Marxists had more success through replacing the Marxian economic class hierarchy with other ontologies of power in which some new victim group could be substituted for the vanished proletariat and plugged into the same drama of immiseration leading to inevitable revolution.

Most importantly, each of these mutations offered the international managerial elite a privileged role as the vanguard of the new revolution – a way to justify its supremacy and its embrace of managerial state socialism. This is how we got the Great Inversion – Marxists in the middle and upper classes, anti-Marxists in the working class being dismissed as gammons and deplorables.

Leaving out some failed experiments, we can distinguish three major categories of substitution. One, “world systems theory”, is no longer of more than historical interest. In this story, the role of the proletariat is taken by oppressed Third-World nations being raped of resources by capitalist oppressors.

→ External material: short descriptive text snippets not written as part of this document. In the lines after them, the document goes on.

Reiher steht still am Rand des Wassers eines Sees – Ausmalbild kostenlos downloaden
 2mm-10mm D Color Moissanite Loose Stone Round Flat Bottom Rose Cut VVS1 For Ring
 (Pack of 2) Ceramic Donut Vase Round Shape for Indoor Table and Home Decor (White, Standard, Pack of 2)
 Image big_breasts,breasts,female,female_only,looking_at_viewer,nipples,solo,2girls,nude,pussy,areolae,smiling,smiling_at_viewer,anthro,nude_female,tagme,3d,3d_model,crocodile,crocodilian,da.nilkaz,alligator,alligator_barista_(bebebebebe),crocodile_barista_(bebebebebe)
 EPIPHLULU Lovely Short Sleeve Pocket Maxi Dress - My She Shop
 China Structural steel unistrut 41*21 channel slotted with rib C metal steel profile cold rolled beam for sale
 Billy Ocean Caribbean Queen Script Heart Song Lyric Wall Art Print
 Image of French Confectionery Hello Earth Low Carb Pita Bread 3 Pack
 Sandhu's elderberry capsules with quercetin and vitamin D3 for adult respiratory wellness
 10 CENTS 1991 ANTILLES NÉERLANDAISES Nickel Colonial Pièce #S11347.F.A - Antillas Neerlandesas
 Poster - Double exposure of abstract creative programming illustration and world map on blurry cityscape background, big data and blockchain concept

Though world systems theory still gets some worship in academia, it succumbed to the inconvenient fact that the areas of the Third World most penetrated by capitalist “exploitation” tended to be those where living standards rose the fastest. The few really serious hellholes left are places (like, e.g. the Congo) where capitalism has been thwarted or co-opted by local bandits. But in general, Frantz Fanon’s wretched of the Earth are now being bourgeoisified as fast as the old proletariat was during and after WWII.

The other two mutations of Marxian vanguard theory were much more successful. One replaced the Marxian class hierarchy with a racialized hierarchy of victim groups. The other simply replaced “the proletariat” with “the environment”.

Eric S. Raymond, “The Great Inversion”, Armed and Dangerous, 2019-12-23.